Namun, penilaian menunjukkan bahwa tingkat transformasi digital di industri logistik Vietnam masih belum merata. Mayoritas bisnis masih berada pada tahap awal adopsi teknologi, terutama berfokus pada kebutuhan dasar seperti manajemen gudang, transportasi, dan pelacakan pesanan. Situasi ini juga telah menciptakan diferensiasi baru dalam industri, di mana bisnis yang mampu berinvestasi dalam teknologi, data, dan otomatisasi mulai mendapatkan keunggulan kompetitif yang lebih jelas dibandingkan model tradisional.

Yang menarik, ketika menyebutkan contoh model logistik cerdas yang akan dioperasikan di Vietnam pada tahun 2025, Kementerian Perindustrian dan Perdagangan secara langsung menyebutkan Vietnam SuperPort™ - sebuah usaha patungan antara T&T Group dan YCH Group (Singapura).

581-202605312009273.png

Secara spesifik, Vietnam SuperPort™ telah menerapkan AI dalam otentikasi dokumen kargo, kendaraan berpemandu otomatis (AGV), loader (RL), kendaraan otonom (AMR), dan model Terminal Kargo di Luar Bandara (OACT). Integrasi teknologi ini telah meningkatkan produktivitas operasional sekitar 35% sekaligus mengurangi tingkat kesalahan hingga 50%.

Model OACT yang diimplementasikan oleh Vietnam SuperPort™ dianggap sebagai arah baru bagi logistik udara di Vietnam.
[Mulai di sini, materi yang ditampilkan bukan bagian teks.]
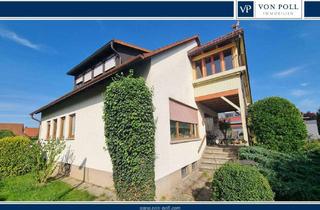 Haus kaufen in 90518 Altdorf, Freistehendes Zweifamilienhaus mit großzügigem Garten – Raum für gemeinsames Leben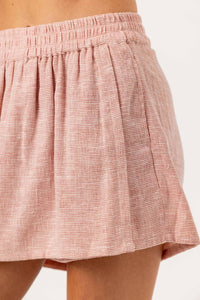 Sundays - Weave Lake Skirt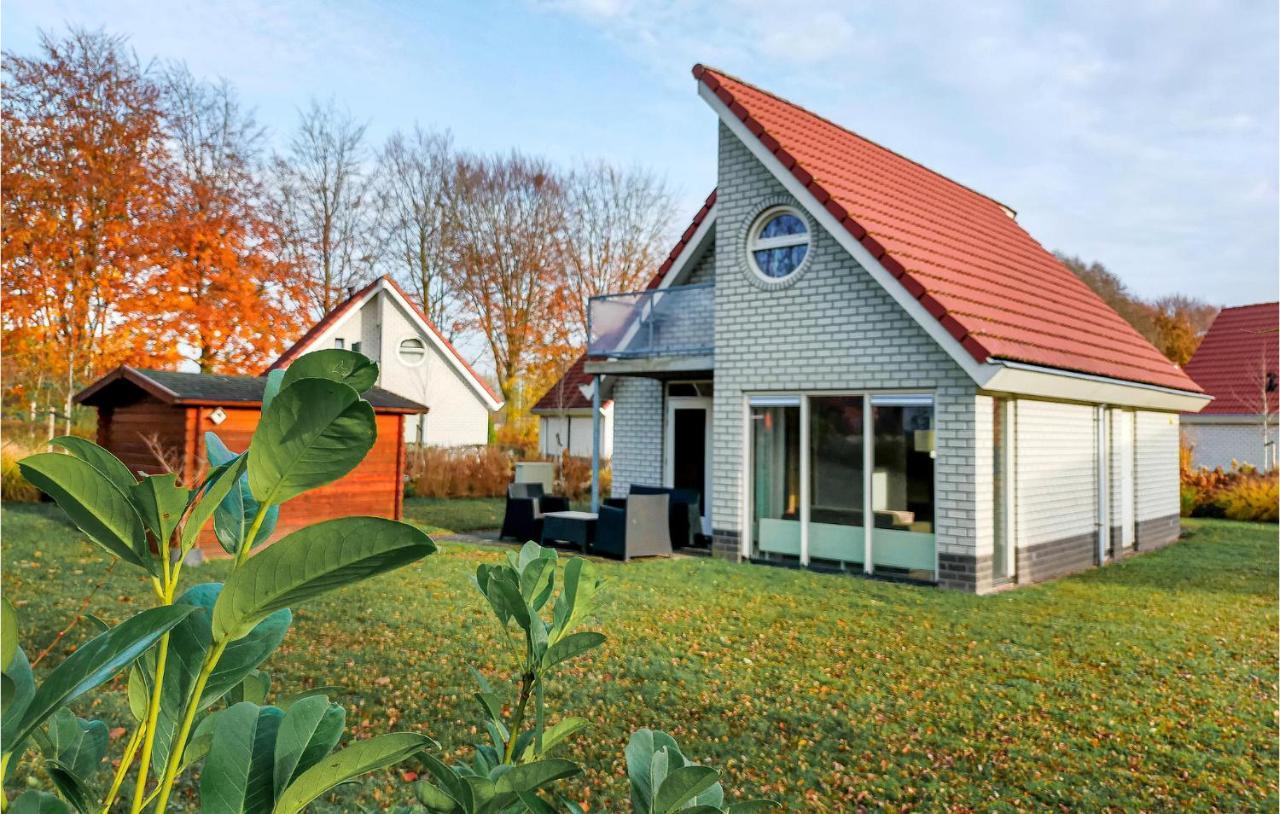 Beautiful Home In Delden With Sauna Bagian luar foto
Alih-alih sepenuhnya bergantung pada infrastruktur penanganan kargo internal bandara, OACT beroperasi sebagai "terminal kargo di luar bandara," yang mampu menangani berbagai tahapan seperti bea cukai, pemeriksaan keamanan, pergudangan, bongkar muat ULD, dan pengangkutan barang ke bandara.

Menurut perwakilan dari Vietnam SuperPort™, barang-barang di OACT ditangani sesuai dengan prosedur pengendalian keamanan standar internasional, memenuhi persyaratan banyak pasar yang ketat seperti AS dan Eropa. Terletak di koridor logistik utara, yang menghubungkan lebih dari 20 zona industri dan membentang hingga Yunnan dan Kunming (China), model ini diharapkan menjadi titik transit baru untuk barang-barang antara Vietnam, China, dan ASEAN.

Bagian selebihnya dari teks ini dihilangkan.